What is the vertex of the graph of y = |x + 3|?
I went to freemathhelp and this is what I got:
*Not a conic section.
That is correct, but that doesn't mean there's no vertex.
Absolute value graphs usually have a V-shape, because |N| is always positive. So, if you have a line sloping down to the x-axis, when it reaches y=0, it reflects back up, so that it always stays with y>=0.
So, |x+3| = x+3 if x+3 >= 0
But |x+3| = -x-3 is x+3 < 0
So, where x = -3, the graph has a point, or vertex. Go back online and find a graphing tool. Or, check out some example graphs of absolute value functions.
To find the vertex of the graph of the function y = |x + 3|, you need to understand that the vertex occurs at the point where the absolute value function changes its direction.
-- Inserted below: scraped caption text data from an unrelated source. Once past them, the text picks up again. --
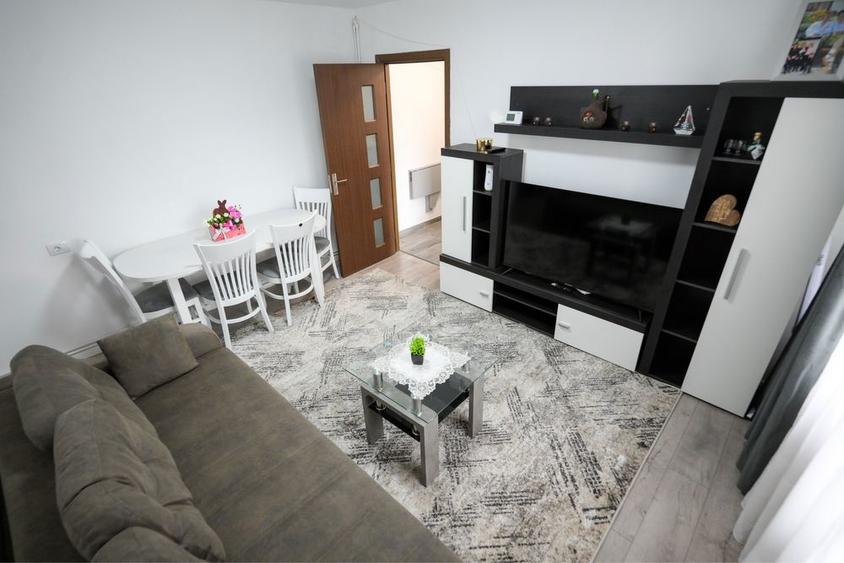 Apartament 2 camere, central, mobilat Viseu de Sus - 8
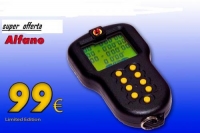 cronometro alfano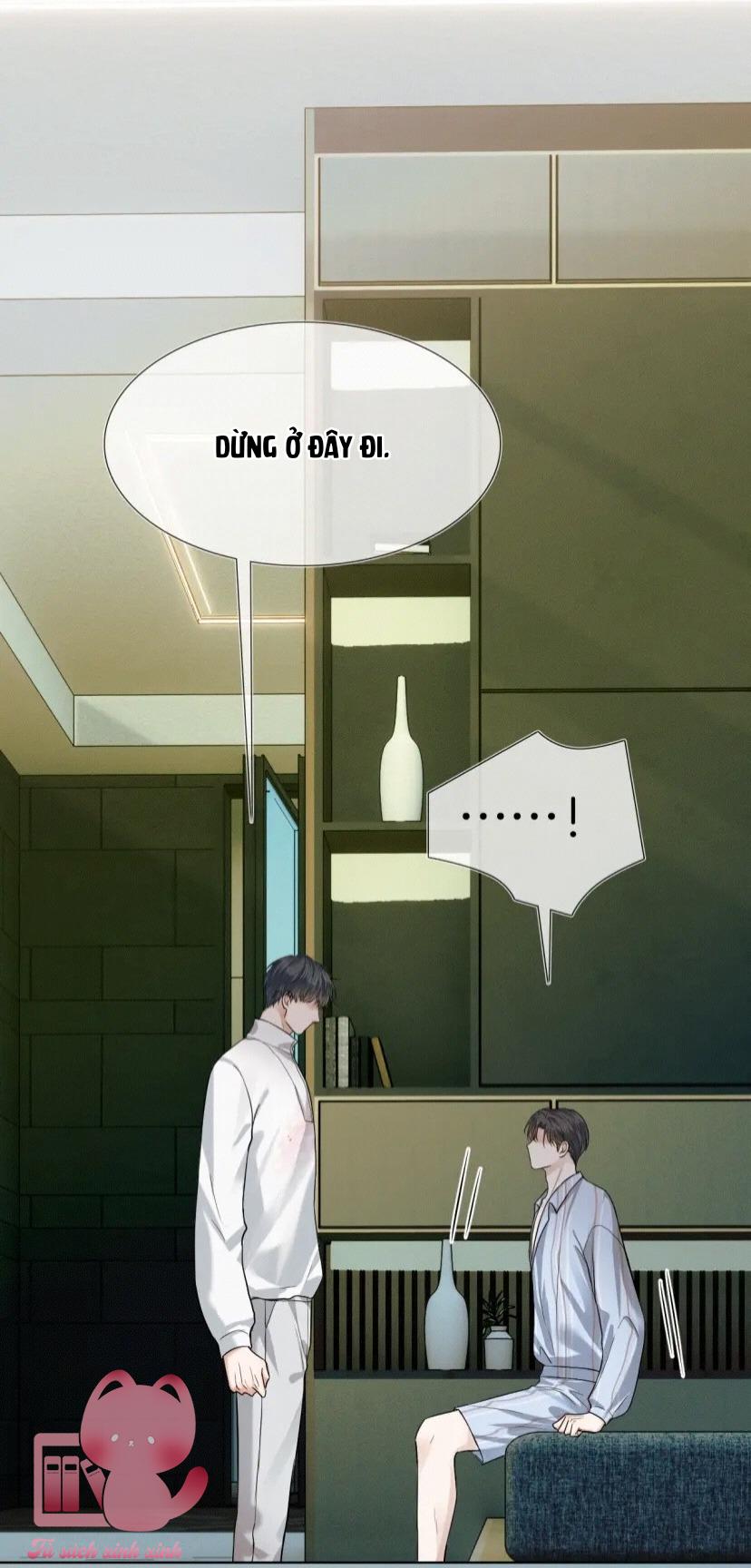 Yêu Một Kẻ Ngốc: Yêu Một Kẻ Ngốc – Chap 49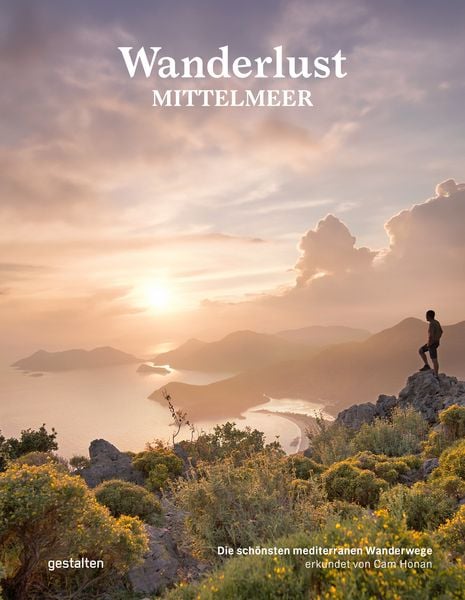 Produktbild: Wanderlust Mittelmeer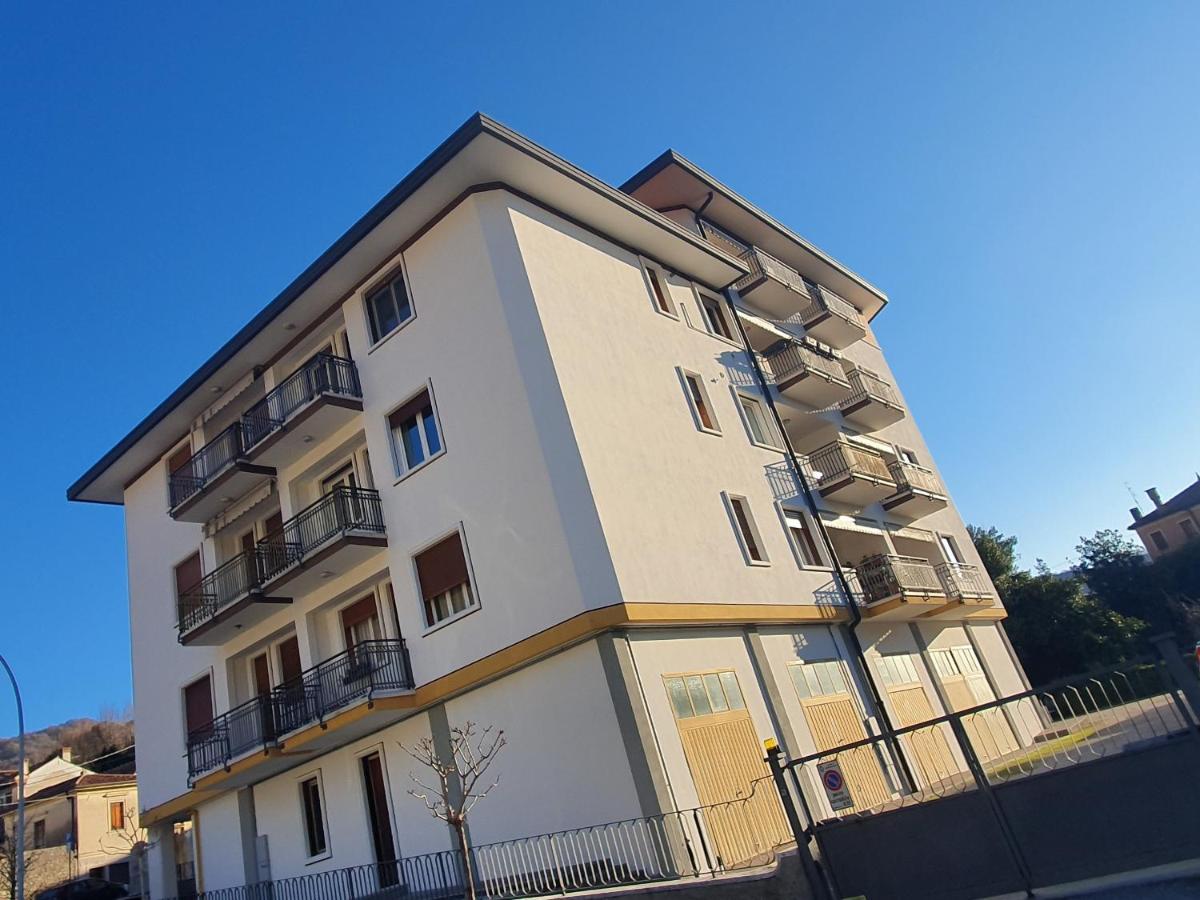 Arianna Apartments Vittorio Veneto Zewnętrze zdjęcie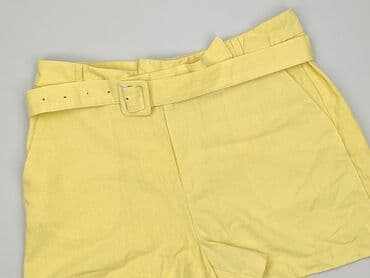 Sinsay, Szorty damskie, rozmiar 2XL w lalafo.pl Sinsay, Szorty damskie, rozmiar 2XL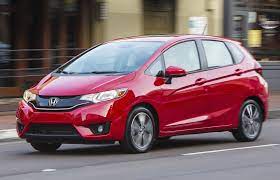 We did not find results for: 2017 Honda Fit Test Drive Review Cargurus
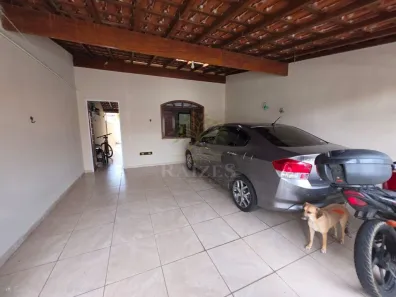 Casa com 3 Quartos à venda, 73m² no Jardim Portugal, São José dos Campos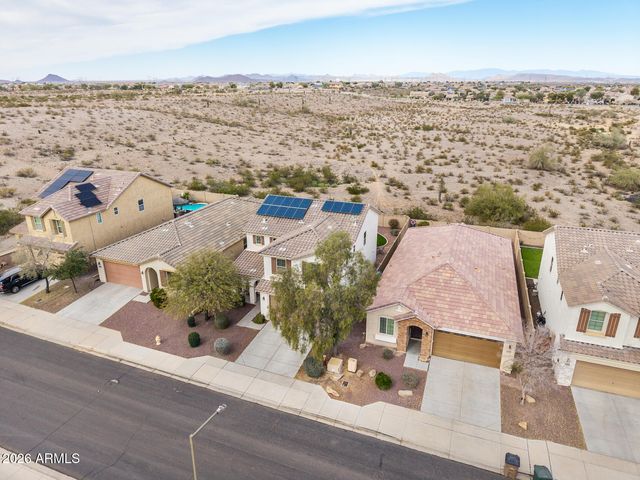 11954 W CARLOTA Lane, Sun City, AZ 85373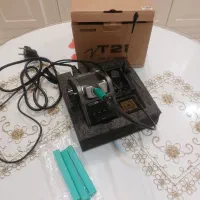 هویه حرفه ای T21 sugon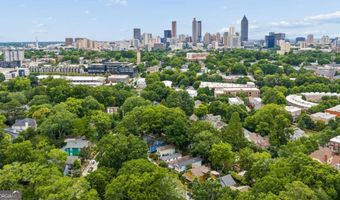 816 Virgil St NE, Atlanta, GA 30307
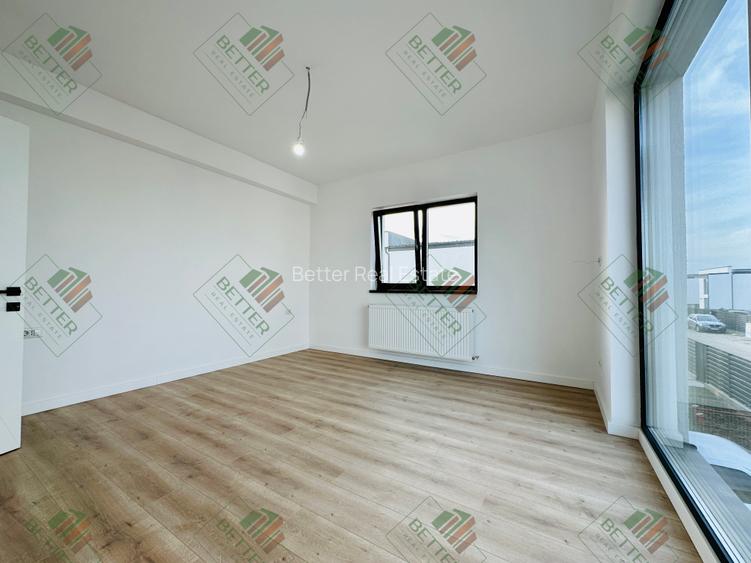 Casă individuala Berceni | 4 Camere | 130 mp Utili | Curte | Comision 0% - 11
Here's how you can find the vertex:
Step 1: Set the expression inside the absolute value bars equal to zero.
x + 3 = 0
Step 2: Solve for x.
x = -3
Step 3: Substitute the value of x into the original equation to find the corresponding y-coordinate.
y = |-3 + 3|
y = |0|
y = 0
Step 4: The vertex of the graph is the coordinate (-3, 0).
So, the vertex of the graph of y = |x + 3| is (-3, 0).